News that Major League Baseball had reached a nearly $6 billion media deal with ESPN had not yet gone public when the league was again embroiled in round-the-clock negotiations for its next media package.
Last Monday, Fox Sports’ top executives — co-presidents Randy Freer and Eric Shanks and executive vice president Larry Jones — were in the midst of wall-to-wall meetings in New York City to try to retain a package with the league, with whom it has had a relationship since 1996.
Fox acted aggressively and told MLB that it wanted to maintain its current deal, which includes the World Series, one league championship series and the All-Star Game.
But there was a new element: MLB had told networks that it was considering merging the existing Fox and Turner packages. So, Fox’s new offer included Turner’s MLB package, which includes the rest of the playoffs. Instead of putting those games on Fox’s broadcast channel, it said it wanted to place those games on its planned all-sports channel, which it is calling Fox Sports 1, sources said.
MLB executives were intrigued. They listened as Fox Sports executives told MLB officials that they would switch Speed from a motorsports channel to an all-sports channel. But to do that, Fox needs programming, like MLB.
So Fox’s bid would be a mix. It would place the World Series and most of the league championship games on its broadcast network. The earlier playoff rounds and most regular-season games, including some Saturday “Game of the Week” telecasts, would be on the cable channel.

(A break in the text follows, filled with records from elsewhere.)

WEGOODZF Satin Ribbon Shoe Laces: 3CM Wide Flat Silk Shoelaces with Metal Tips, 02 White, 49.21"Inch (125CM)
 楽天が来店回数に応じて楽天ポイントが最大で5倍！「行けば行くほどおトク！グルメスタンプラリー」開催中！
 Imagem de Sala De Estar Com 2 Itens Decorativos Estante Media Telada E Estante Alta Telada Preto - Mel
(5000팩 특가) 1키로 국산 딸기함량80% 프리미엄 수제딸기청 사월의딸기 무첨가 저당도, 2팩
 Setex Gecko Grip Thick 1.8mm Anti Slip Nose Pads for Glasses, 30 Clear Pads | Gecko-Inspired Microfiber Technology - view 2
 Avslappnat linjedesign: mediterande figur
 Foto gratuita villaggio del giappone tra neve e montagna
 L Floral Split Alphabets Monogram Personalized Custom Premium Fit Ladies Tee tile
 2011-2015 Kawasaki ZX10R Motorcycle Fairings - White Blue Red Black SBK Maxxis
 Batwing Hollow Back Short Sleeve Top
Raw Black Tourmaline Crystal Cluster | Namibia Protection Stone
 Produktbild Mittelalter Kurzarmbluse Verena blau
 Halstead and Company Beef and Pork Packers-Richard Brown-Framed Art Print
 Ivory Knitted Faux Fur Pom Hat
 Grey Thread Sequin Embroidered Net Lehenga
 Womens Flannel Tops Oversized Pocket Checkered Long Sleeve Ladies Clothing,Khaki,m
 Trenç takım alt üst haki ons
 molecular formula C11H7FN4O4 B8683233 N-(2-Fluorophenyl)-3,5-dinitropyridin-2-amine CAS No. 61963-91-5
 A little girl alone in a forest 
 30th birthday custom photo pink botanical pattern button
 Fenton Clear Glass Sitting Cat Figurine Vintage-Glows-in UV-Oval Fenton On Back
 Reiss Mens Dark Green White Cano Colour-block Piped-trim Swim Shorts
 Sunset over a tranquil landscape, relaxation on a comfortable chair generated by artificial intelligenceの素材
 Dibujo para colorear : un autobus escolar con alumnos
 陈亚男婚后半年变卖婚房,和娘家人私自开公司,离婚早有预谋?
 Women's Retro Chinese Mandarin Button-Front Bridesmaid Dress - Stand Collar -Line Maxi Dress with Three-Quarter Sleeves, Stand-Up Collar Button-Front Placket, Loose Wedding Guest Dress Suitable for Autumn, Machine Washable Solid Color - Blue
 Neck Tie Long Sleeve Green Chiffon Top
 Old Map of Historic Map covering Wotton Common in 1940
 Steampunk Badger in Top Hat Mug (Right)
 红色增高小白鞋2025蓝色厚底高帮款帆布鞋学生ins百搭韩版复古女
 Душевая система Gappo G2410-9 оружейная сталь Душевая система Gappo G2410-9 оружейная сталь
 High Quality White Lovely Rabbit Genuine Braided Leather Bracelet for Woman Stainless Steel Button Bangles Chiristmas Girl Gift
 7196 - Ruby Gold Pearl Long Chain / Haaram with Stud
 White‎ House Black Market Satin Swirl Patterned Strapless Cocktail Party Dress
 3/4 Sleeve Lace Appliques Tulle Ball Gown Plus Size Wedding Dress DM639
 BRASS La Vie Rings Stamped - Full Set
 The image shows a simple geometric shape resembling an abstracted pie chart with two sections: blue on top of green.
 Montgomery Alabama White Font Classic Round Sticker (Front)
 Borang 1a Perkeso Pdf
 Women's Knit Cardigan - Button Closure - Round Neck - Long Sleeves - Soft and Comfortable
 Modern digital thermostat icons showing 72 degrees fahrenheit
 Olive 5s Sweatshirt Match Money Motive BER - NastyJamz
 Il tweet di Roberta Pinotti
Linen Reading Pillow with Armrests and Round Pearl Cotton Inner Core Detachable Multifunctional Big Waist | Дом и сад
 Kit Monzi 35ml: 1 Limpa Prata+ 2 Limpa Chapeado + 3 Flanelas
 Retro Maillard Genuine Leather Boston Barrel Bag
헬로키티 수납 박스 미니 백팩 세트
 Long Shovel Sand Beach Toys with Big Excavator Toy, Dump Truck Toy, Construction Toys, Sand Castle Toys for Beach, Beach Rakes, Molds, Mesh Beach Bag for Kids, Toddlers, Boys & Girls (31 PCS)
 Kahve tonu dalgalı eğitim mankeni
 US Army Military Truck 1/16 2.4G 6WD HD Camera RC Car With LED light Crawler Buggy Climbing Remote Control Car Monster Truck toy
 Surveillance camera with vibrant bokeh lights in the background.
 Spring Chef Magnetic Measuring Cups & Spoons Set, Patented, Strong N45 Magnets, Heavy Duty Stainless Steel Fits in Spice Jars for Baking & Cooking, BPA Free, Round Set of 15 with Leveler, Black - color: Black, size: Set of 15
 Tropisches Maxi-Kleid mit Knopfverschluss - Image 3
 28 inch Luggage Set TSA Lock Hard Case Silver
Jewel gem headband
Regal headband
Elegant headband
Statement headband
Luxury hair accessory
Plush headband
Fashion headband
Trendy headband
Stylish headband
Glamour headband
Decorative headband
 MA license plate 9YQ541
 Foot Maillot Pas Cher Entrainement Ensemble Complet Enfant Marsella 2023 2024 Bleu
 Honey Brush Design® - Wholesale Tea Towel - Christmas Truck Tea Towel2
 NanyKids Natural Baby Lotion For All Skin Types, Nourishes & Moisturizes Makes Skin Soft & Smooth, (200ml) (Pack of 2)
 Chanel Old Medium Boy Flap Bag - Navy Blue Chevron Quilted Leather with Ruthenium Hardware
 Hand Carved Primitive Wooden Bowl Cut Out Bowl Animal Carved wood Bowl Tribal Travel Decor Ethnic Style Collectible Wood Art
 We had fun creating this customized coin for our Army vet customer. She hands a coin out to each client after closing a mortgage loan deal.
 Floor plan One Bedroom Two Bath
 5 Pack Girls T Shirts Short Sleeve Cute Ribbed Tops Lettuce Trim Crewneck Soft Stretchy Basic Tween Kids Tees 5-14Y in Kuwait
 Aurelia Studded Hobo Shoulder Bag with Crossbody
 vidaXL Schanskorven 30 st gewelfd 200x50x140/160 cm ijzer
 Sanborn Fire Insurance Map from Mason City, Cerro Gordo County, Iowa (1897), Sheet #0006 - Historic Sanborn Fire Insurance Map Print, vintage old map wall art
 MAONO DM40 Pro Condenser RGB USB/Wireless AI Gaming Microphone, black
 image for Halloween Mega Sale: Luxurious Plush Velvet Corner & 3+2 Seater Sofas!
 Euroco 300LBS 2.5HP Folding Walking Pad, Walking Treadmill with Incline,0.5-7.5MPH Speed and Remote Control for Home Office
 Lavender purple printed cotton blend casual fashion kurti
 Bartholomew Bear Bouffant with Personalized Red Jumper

Sources close to the discussions said Fox’s initial offer last week was not high enough. The company was following ESPN, which set the market when it agreed to double the price of its package. That means that Fox would have to approach an average of $800 million a year for two available packages. Fox now pays $257.1 million for its package, while Turner pays $148.6 million for its package.
Fox executives flew back to Los Angeles without a deal late last week. It was unclear whether Fox would be able to reach a deal.
But one thing is certain: It is not the sole bidder.
Multiple sources said Turner Sports’ top executives were in close contact with MLB last week to try to not only maintain its package but possibly pick up Fox’s.
Turner executives discussed a structure that looks a lot like its March Madness partnership with CBS. Turner has told MLB that it would put baseball’s biggest events, like the All-Star Game, the World Series and some league championship series games, on CBS. The remaining programming would go to TBS. This would return CBS to covering baseball for the first time since 1993. Over the past couple of months CBS Sports executives have reached out to MLB about their interest in the package and desire to carry the World Series and All-Star Game on their broadcast network.
Both plans would combine the current Fox and Turner packages into one package.
As of late last week, MLB had some decisions to make. It had to decide whether it wanted to combine Fox’s and Turner’s existing packages into one, or keep them separate.
And it had to figure out what kind of package it would give to its own cable channel, MLB Network.
As of late last week, NBC Sports still was in the picture and potentially could bid on both packages, which it would place on NBC and NBC Sports Network. Last week, an NBC insider described the mood inside the network’s Manhattan offices as that of an underdog in the bidding process. NBC Sports has not met internally to discuss an MLB offer in at least a week.
Meanwhile, executives at ESPN, which will carry one wild card playoff game as part of the new deal but has no postseason rights now, have told MLB that it is willing to pick up more playoff games if available. MLB already rebuffed an ESPN offer for the MLB playoffs, though, and the network is not expected to be a significant player in these negotiations.